Soykırım Kurbanları ve Tanıkları Derneği ile Srebrenitsa ve Jepa Anneleri Derneği'nin işbirliğiyle düzenlenen konferansa, Lahey'deki Eski Yugoslavya Uluslararası Ceza Mahkemesi (ICTY) Başkanı Theodor Meron, ICTY Başsavcısı Serge Brammertz, AB Bosna Hersek Yüksek Temsilcisi Valentin Inzko, Türkiye'nin Saraybosna Büyükelçisi Cihad Erginay, ABD'nin Saraybosna Büyükelçisi Maureen Cormack, Bosna Hersek Reis-ul Uleması Husein Kavazoviç ile çok sayıda davetli katıldı.
Srebrenitsa ve Jepa Anneleri Derneği Başkanı Munira Subaşiç, burada yaptığı konuşmada, soykırım kurban yakınlarının acılarının 20 yıldır sürdüğünü, yaralarının hala taze olduğunu söyledi.

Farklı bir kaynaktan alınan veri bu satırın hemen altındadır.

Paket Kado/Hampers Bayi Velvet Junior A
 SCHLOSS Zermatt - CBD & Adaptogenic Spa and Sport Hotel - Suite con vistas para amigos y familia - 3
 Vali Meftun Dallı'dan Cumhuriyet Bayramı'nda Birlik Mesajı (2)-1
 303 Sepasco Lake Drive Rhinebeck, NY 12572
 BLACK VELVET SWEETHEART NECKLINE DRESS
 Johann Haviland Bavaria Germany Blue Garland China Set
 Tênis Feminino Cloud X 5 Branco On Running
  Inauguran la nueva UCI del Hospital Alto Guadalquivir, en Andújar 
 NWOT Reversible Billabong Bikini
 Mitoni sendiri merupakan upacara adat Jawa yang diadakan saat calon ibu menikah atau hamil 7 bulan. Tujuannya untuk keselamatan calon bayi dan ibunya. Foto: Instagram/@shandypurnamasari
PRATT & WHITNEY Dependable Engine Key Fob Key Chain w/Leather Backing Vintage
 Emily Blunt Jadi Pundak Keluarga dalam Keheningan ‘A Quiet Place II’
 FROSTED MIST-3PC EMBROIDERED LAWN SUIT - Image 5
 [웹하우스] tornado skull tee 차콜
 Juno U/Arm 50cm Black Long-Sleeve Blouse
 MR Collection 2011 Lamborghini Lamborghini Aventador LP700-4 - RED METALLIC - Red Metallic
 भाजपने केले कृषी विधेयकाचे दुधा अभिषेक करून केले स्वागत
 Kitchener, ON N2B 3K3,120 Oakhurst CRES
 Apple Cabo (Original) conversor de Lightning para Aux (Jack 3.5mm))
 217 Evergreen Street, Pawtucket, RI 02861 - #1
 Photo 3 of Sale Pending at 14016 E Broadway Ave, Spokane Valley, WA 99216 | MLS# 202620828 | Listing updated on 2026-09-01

Hak ve adaletin sadece güçlülerin değil, her insanın ulaşılabileceği bir hak olduğunu göstermek amacıyla bu konferansı düzenlediklerini anlatan Subaşiç, savaş suçu işleyenlerin asla rahat bir şekilde uyumayacaklarını, bu toplantıya önemli kurumların başındakilerin katılması, onların hala kurbanların yanında olduğu anlamına geldiğini vurguladı.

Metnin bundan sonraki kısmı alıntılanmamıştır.